È facile nella preghiera ripetere le stesse cose macchinalmente e non preoccuparsi di elevare la mente a Dio; quelle invocazioni non sono allora che parole vuote. I pagani poi, pregando i loro idoli, gridavano e moltiplicavano le loro invocazioni, credendo così di essere ascoltati.

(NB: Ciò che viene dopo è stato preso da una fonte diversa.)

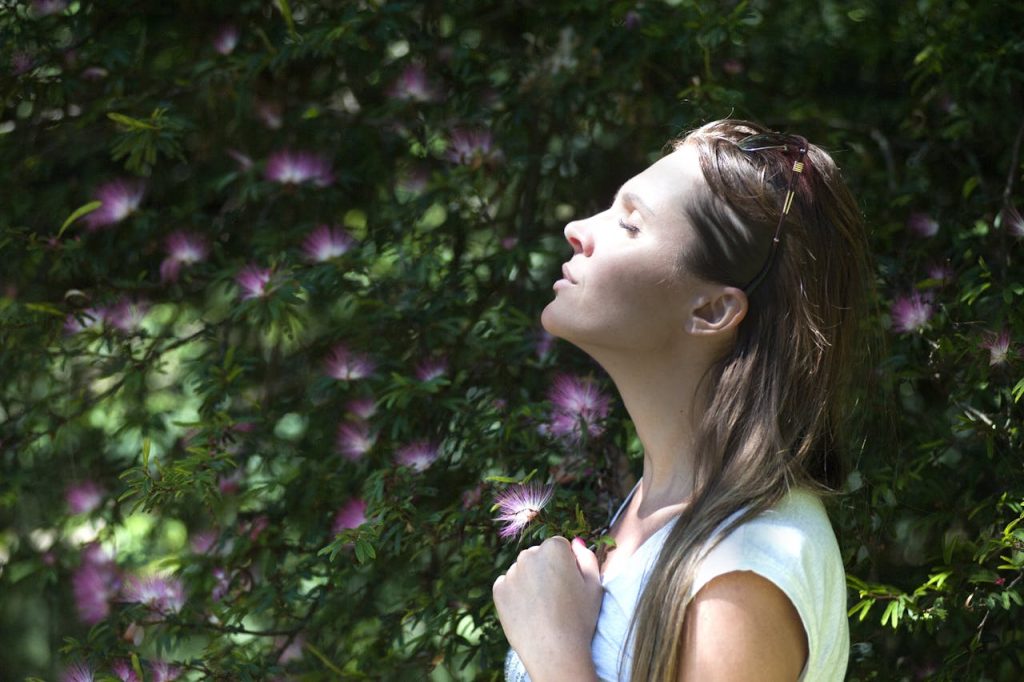 breathing techniches for solo travelers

Gesù Cristo vieta le molte parole nella preghiera, non però i ripetuti slanci del cuore che accompagnano le parole; non vuole parole vuote ma preghiere, e quindi non proibisce le ripetute invocazioni, ma, secondo la parola greca del testo, il balbettare, il biascicare macchinalmente le invocazioni; in questo caso è evidente che la preghiera si riduce a molte parole senza che da esse sbocci un solo affetto dell'anima.
Egli poi parla di quelle preghiere che si fanno per ottenere un beneficio temporale, come è chiaro dal contesto, e vuole ammonirci a pregare in modo da abbandonarci con fiducia alla divina bontà, con quelle poche e sincere espressioni dell'anima che sono lo slancio filiale di chi confida nella provvidenza e nella bontà del Signore, Dio sa quello che ci occorre prima che glielo domandiamo, ossia pensa a noi con amore paterno, ed ha cura di provvederci; basta quindi affidarsi a Lui pregando, senza necessità di dovergli esporre minutamente quello che ci occorre. Egli vuole che domandiamo prima il regno di Dio, come si vedrà appresso, e quindi, pur concedendo che si possa pregare per le cose temporali, vuole che lo si faccia con poche parole di fiducia.